Yutaka Takanashi, ST, 1968

lieux de passage, gares, rues, grands magasins. La réalité n’y apparaît souvent qu’à travers des filtres : l’obscurité, la brume, la pluie, la buée, comme celle en haut prise à la gare de Tokyo. Les paysages, toujours peuplés, y sont parfois étranges, comme les baigneurs ci-contre qui marchent sur l’eau au milieu de la mer.

 

Yutaka Takanashi, ST, 1969

Takanashi qui participe alors à la revue Provoke, tente de capturer sans artifice des fragments de réalité, des morceaux d’atmosphère, conscient qu’il ne peut tout contrôler, que l’image lui échappe, comme celle ci-dessus qui aurait pu être un téton couvert de dentelle dans une lumière interstellaire, et qui est peut-être la robe d’un mannequin vue en plongée. Michel Butor écrivit un texte sur lui, publié en japonais, et qui n’a apparemment jamais été édité en français.

Yutaka Takanashi, Machi, 1982

L’étage au dessus (Machi) est consacré à la couleur, avec son témoignage sur le Tokyo ancien et populaire, en péril de disparition. Chaque photographie, prise à la chambre, est minutieusement composée (en font preuve ses petits carnets de croquis exposés dans une vitrine), l’homme est absent et l’improvisation a laissé la place à un processus rigoureux et contrôlé d’enregistrement du réel (si le thème rappelle Atget, la manière de procéder me semble fort différente). Takanashi dit avoir alors voulu se débarrasser du poétique. Je suis resté perplexe ; ma préférence est évidente.

Photos courtoisie Fondation HCB, et Galerie Priska Pasquer Cologne (N&B) et Toluca Editions (Machi).

Lire la critique de Claire Guillot.

 

Lola Reboud des deux mondes

Lola Reboud, Noor, 2011

J’avais découvert le travail islandais de Lola Reboud lors du Prix de Levallois : on est toujours trop prompt à classifier les jeunes artistes dans une catégorie.

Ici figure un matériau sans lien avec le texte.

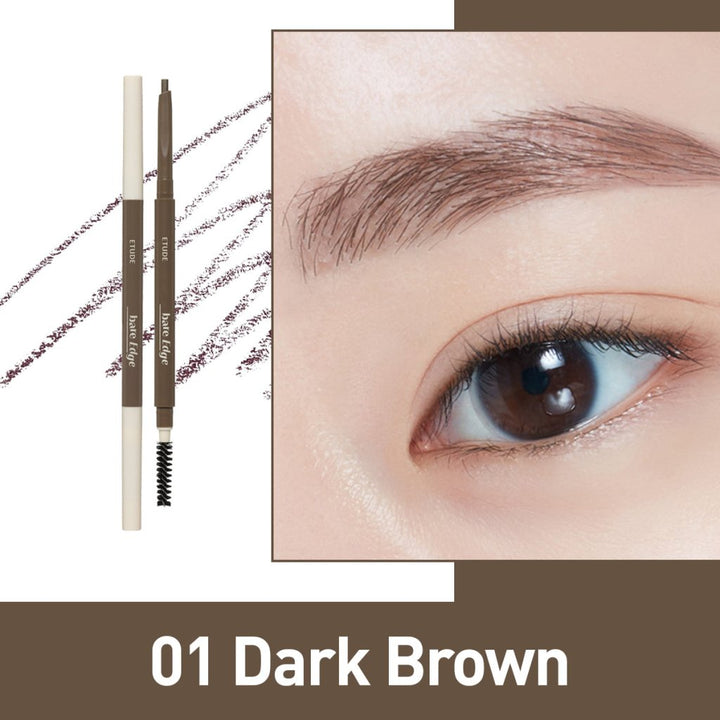 Etude House Bare Edge Slim Brow / 3D Altıgen Uçlu Doğal Görünüm Veren Kaş Kalemi - Etude House - Vionine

Revoyant ses photographies deux ans plus tard (à l’Espace Dupon jusqu’au 15 juin), après son séjour au Maroc, je suis frappé par le contraste entre ces deux volets, ces deux pays.

Lola Reboud, Logi Hilmarsson, 2008

Autant les photographies d’Islande présentées ici portent la marque d’une certaine distance, due tant à la lumière froide et aux peaux claires qu’à un point de vue, plus ou moins délibérément distant, de l’artiste face à son sujet, autant ses photographies tangéroises sont éclatantes : soleil méditerranéen, peaux mates, sensualité exacerbée d’autant plus qu’elle est discrète.

Lola Reboud, Forêt de Perdicaris, Tanger, avril 2011

Si les deux corps nus de jeunes femmes islandaises, tous deux perdus dans la brume, l’une de sa douche et l’autre d’une source chaude, tout esthétiques qu’ils soient, n’émeuvent guère, les corps marocains, bikini ou djellaba, filles pudiques ou jeunes hommes fiers et provocants, sont porteurs d’une charge sexuelle forte : la tension circule entre les images, les regards se suivent, les corps sont prêts à se frôler.

Lola Reboud, Olafsfjordur, 2009

Et ce ne sont pas que les corps : face aux paysages islandais monastiques, durs et inhospitaliers s’étale la sensuelle nature marocaine, et cet arbre est en lui-même un personnage, comme le Chêne de Flagey par Courbet : guère d’austérité possible dans cette luxuriance. C’est tout le talent de la photographe que d’avoir ainsi su passer d’un monde à l’autre, et trouver dans chacun la distance juste, respect un peu austère ici, proximité un peu complice là.